> **Task description**:
Word for word, set down every line of the entries below from the line with "杭州博物馆坐落于西湖南面,毗邻河坊街历史文化街区,是一座展现杭州" to the line with "Manhattan 303 Canberra", including both, and no other line.

> **Records shown**:
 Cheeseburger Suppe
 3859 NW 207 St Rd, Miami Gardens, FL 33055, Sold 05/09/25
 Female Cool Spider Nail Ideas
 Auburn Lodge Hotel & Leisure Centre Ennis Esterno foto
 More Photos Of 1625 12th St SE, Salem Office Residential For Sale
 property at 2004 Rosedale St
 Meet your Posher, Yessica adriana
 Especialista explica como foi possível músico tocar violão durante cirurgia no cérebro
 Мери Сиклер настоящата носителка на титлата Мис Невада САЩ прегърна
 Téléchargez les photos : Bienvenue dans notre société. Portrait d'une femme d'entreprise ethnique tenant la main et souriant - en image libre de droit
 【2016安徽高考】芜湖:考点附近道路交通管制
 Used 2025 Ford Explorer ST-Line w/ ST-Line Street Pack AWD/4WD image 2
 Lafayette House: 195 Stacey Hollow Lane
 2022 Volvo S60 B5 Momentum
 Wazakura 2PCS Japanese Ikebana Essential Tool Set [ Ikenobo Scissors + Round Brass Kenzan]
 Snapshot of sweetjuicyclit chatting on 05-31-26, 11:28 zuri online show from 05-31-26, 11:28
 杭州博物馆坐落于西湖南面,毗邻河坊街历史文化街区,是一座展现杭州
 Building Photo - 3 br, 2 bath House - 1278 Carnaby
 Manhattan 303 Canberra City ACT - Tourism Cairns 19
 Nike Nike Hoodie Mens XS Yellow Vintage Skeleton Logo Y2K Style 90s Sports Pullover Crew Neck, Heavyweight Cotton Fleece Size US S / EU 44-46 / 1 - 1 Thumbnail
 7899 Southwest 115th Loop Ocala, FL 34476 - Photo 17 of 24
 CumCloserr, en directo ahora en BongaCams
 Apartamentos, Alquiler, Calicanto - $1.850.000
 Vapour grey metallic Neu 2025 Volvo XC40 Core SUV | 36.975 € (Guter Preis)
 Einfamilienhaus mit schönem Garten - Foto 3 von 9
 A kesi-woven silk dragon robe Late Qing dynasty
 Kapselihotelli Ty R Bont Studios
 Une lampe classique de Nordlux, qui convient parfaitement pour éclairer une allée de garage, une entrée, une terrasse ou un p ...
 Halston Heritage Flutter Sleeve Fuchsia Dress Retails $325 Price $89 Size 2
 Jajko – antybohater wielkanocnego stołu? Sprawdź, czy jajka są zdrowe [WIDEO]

> **Reply to the task**:
 杭州博物馆坐落于西湖南面,毗邻河坊街历史文化街区,是一座展现杭州
 Building Photo - 3 br, 2 bath House - 1278 Carnaby
 Manhattan 303 Canberra City ACT - Tourism Cairns 19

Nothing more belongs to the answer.